- _Exercise brief_
Transcribe exactly, and only, the lines running from the one that contains "Stôl BORÅS, 1600x700x720" through the last line of the material. No pictures.
- - - -
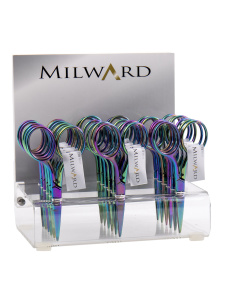 Ножницы для вышивания 9 см, 18 шт. в картонном прикассовом стенде. Арт C003.2189011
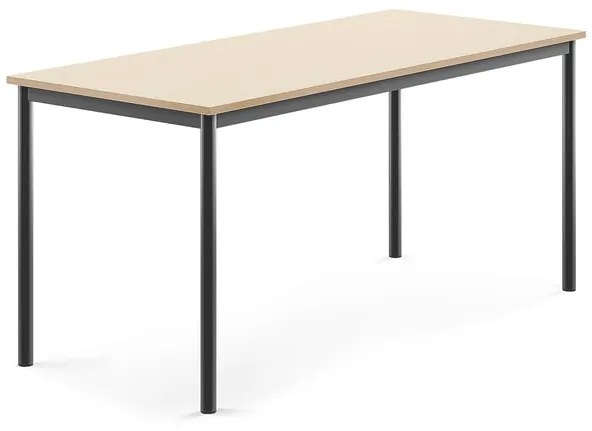 Stôl BORÅS, 1600x700x720 mm, laminát - breza, antracit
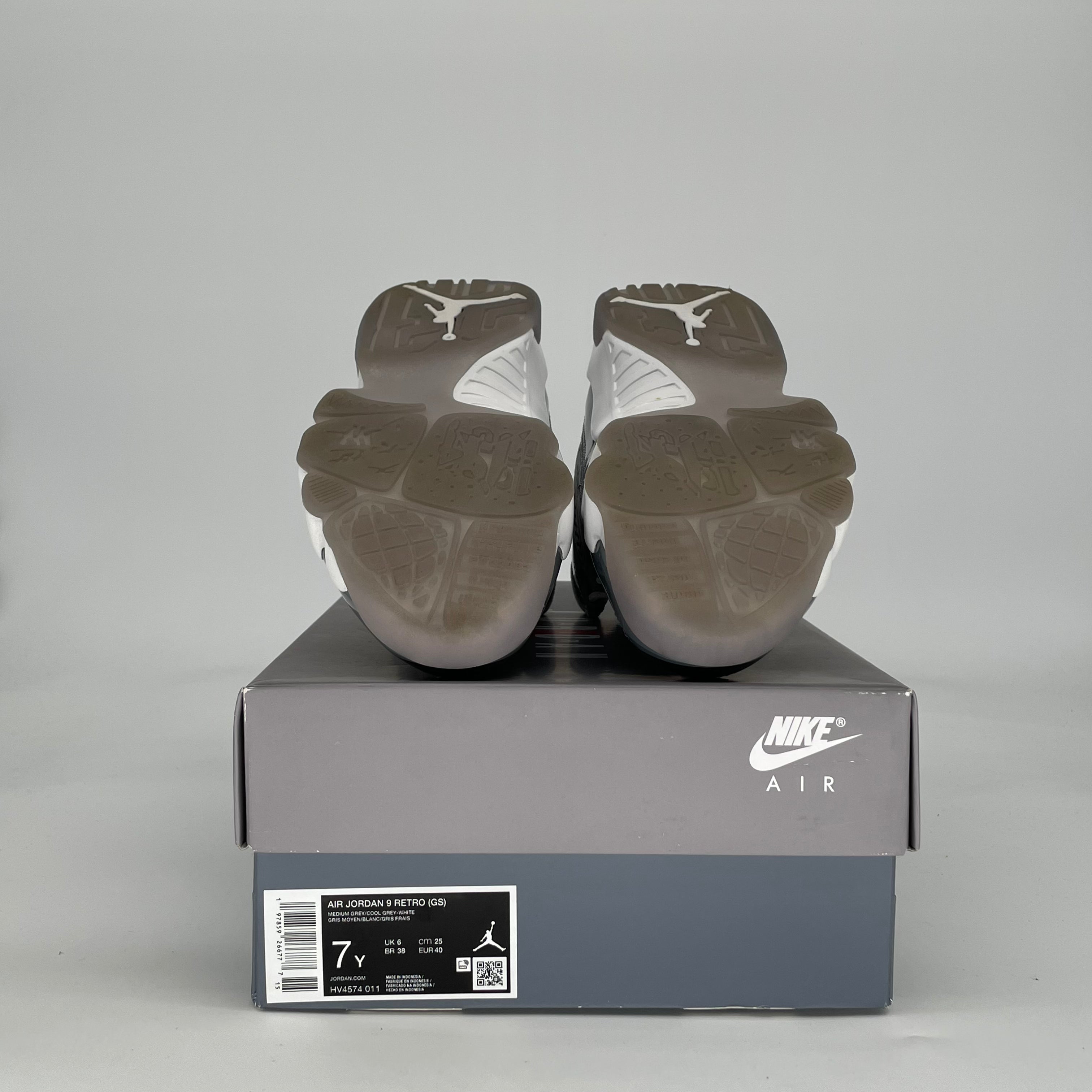 AIR JORDAN 9 COOL GREY HV4574-011 SIZE 7/8.5W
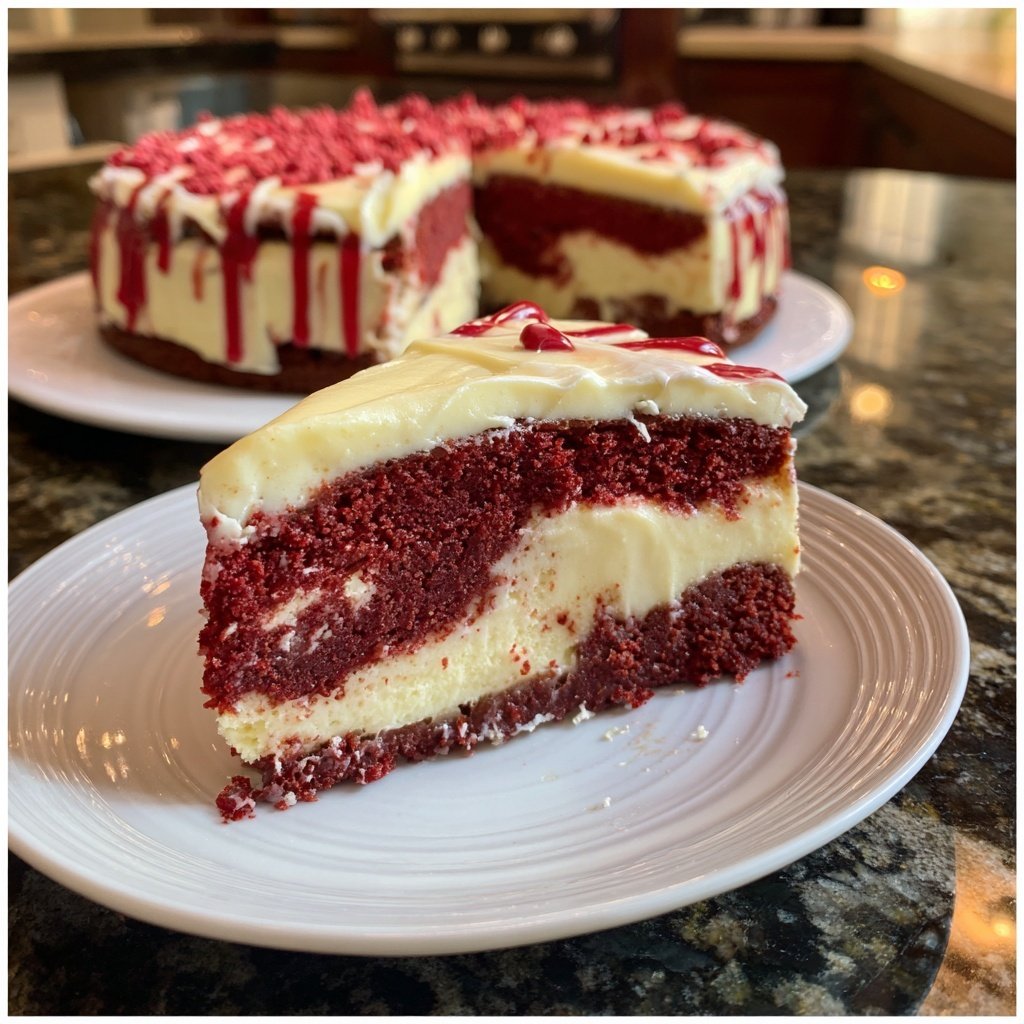 Galentine's Red Velvet Cheesecake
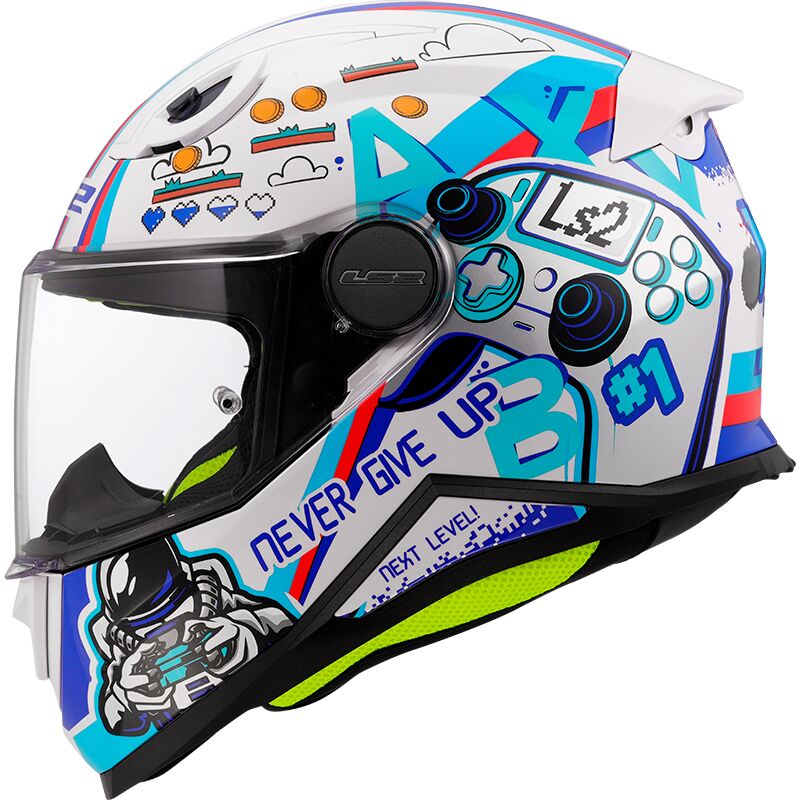 LS2 FF812 Kids Next Level White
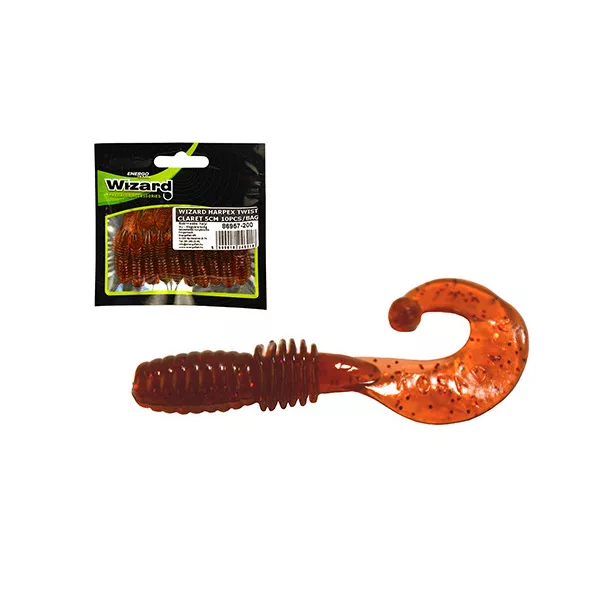 Wizard Harpex Twist Extra Claret 5cm Twister 10 buc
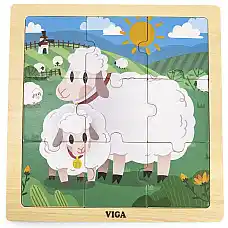 Деревянный пазл “Овечки”  9 эл...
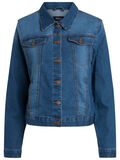 Pieces REGULÆR DENIMJAKKE, Medium Blue Denim, highres - 17086368_MediumBlueDenim_001.jpg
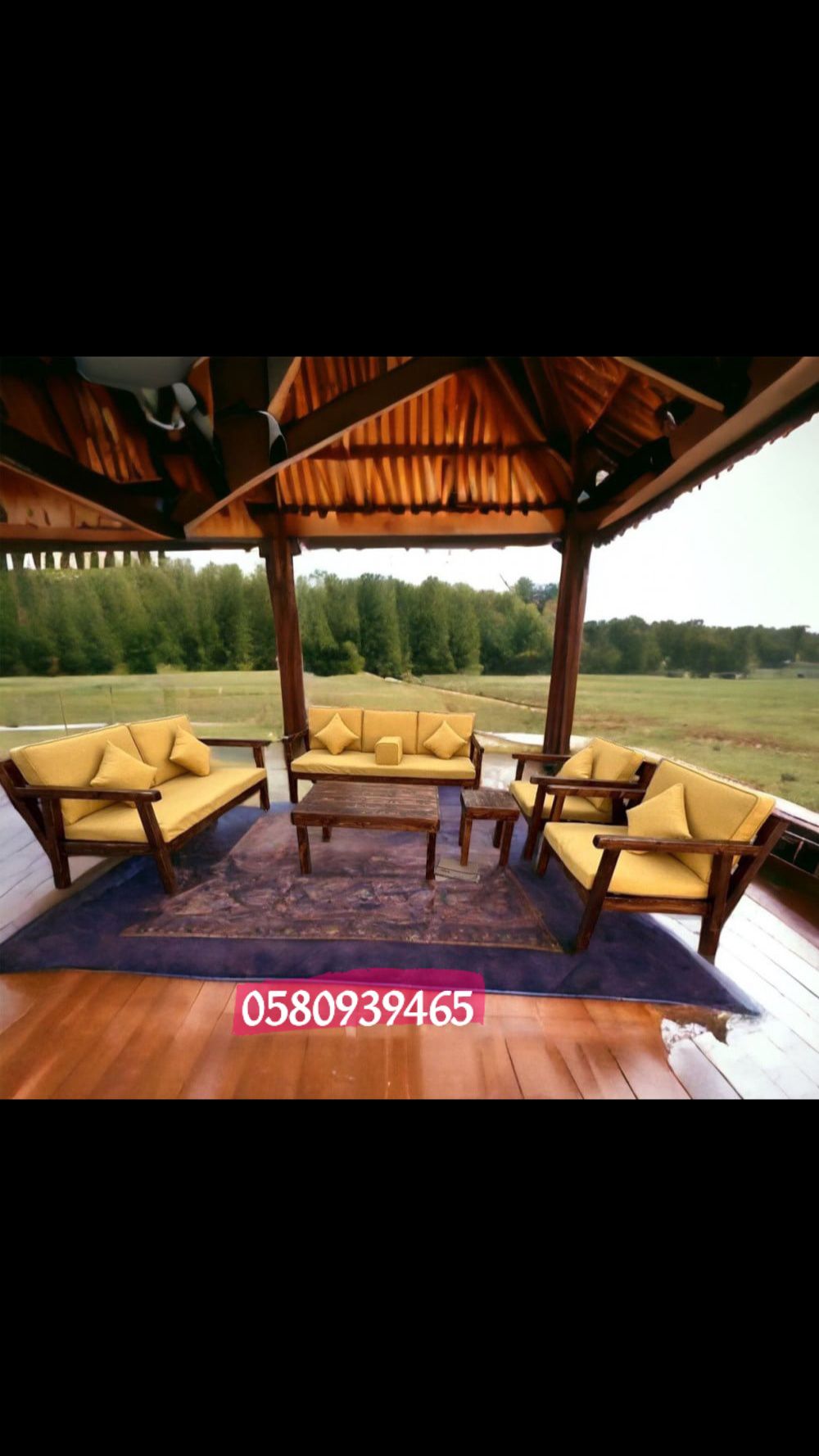 جلسات الخارجية خشب سويدي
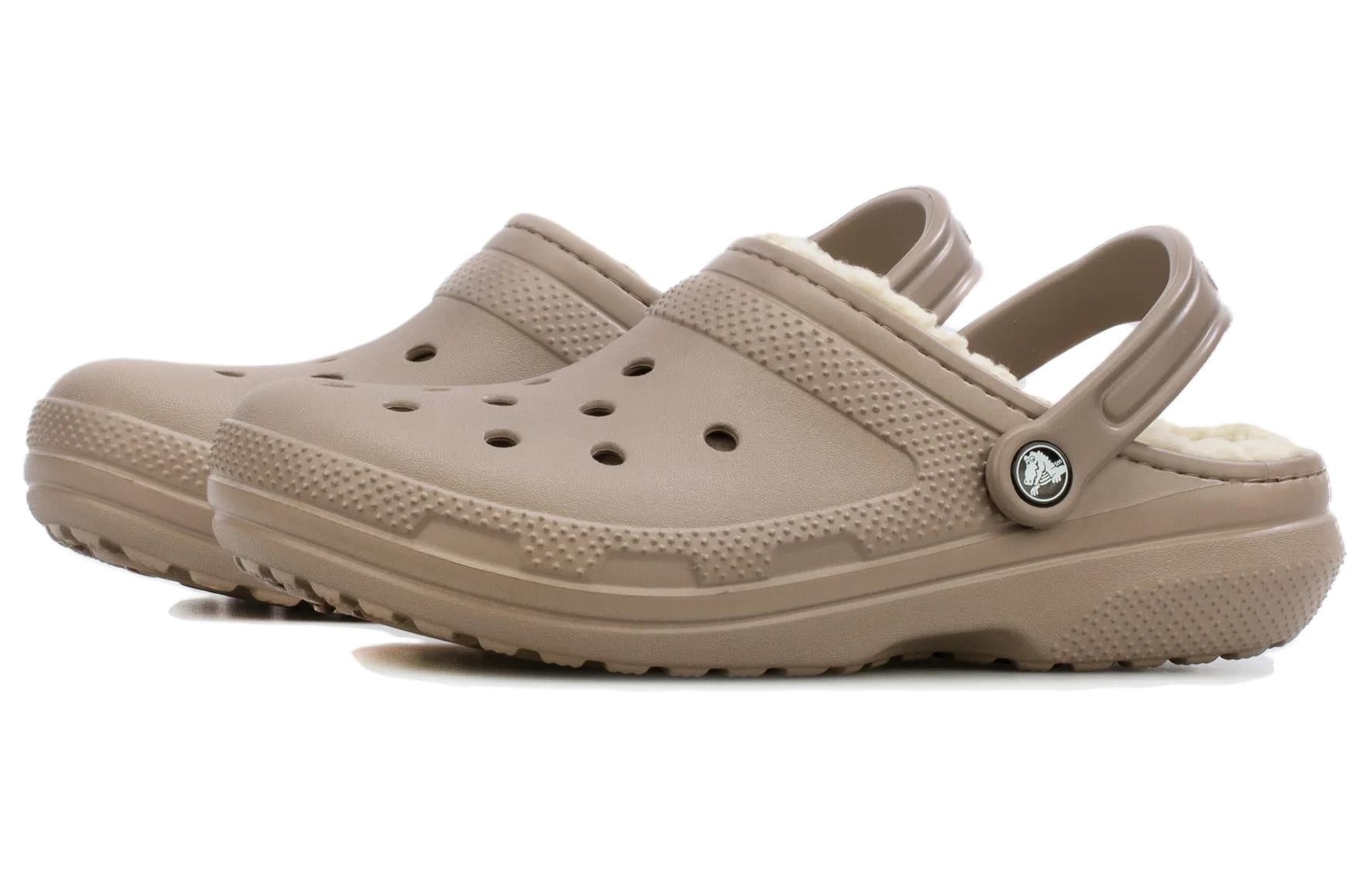 Crocs Classic Lined Clogs 'Mushroom Bone' 203591-2YB - 3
- - - -
- _Solution to this problem_
 Stôl BORÅS, 1600x700x720 mm, laminát - breza, antracit
 AIR JORDAN 9 COOL GREY HV4574-011 SIZE 7/8.5W
 Galentine's Red Velvet Cheesecake
 LS2 FF812 Kids Next Level White
 Wizard Harpex Twist Extra Claret 5cm Twister 10 buc
 Деревянный пазл “Овечки”  9 эл...
 Pieces REGULÆR DENIMJAKKE, Medium Blue Denim, highres - 17086368_MediumBlueDenim_001.jpg
 جلسات الخارجية خشب سويدي
 Crocs Classic Lined Clogs 'Mushroom Bone' 203591-2YB - 3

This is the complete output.